# *.exe Anwendung starten auf onClick



## loddarmattheus (12. September 2002)

hallo leutz,

ist es irgendwie möglich, mit einem einfachen javascript-befehl (oder was anderem) eine anwendung (z.b. eine *.exe) direkt zu starten?

ich habs zwar mit "gehe zu url" hingekriegt, allerdings kommt dann immer dieses blöde fenster mit "öffnen, speichern, beenden...".

bei click auf öffnen, startet er auch die anwendung.

aber geht es irgendwie auch ohne dieses abfragefenster?

//loddar


----------



## sam (12. September 2002)

bist du noch bei trost?  
stell dir mal vor was man dann alles machen könnte...
das ging mal kurzzeitig mit einem sicherheitsloch im ie, aber das ist längst behoben...


----------



## loddarmattheus (12. September 2002)

*hmmmm...*

stimmt, jetzt wo du es sagst....

aber ich bin doch ein Guter  und wollte bestimmt keinem was böses antun.

naja, wenns halt nicht geht, muss ich mit dem fenster leben.

thx trotzdem

//loddar


----------



## sam (12. September 2002)

auch wenn du ein guter bist: es wird immer auch die bösen geben und deshalb wird es sowas nie geben  
:denken:


----------



## virtualsix (19. September 2002)

würde mich auch interessieren wie das funkt, bräuchte es für ein Intranet-Portal um zb Outlook zu starten

kann ma wer da weiterhelfen und ne lösung anbieten?

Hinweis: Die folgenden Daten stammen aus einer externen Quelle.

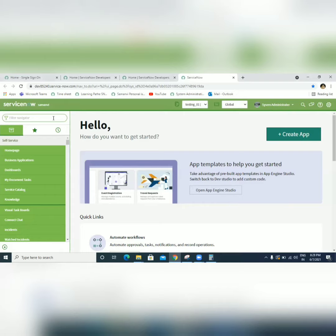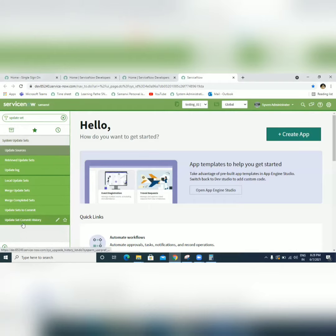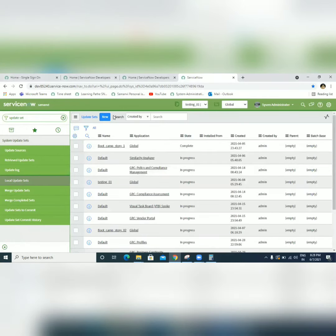Go to the navigator and type 'update set.' Here we can choose 'Local Update Set' and click New.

was mir einfallen würde wär vielleicht in php aber ka wie,
oder ne cmd aufrufen und über cmd die exe ausführen aber auch keine ahnung wie ich die aufrufen soll .))

pls help


----------



## sam (19. September 2002)

> _Original geschrieben von sam _
> *auch wenn du ein guter bist: es wird immer auch die bösen geben und deshalb wird es sowas nie geben
> :denken:  *


ich kann mich nur wiederholen...


----------



## Adam Wille (19. September 2002)

Ach je...klingt ja so als ob die ganze Welt unfähig wäre, selbst eine Anwendung zu starten...

Wer ins I-net gelangt, wird doch wohl in der Lage sein, die *.exe vom OjE, Paintshop oder was-weiß-ich zu starten.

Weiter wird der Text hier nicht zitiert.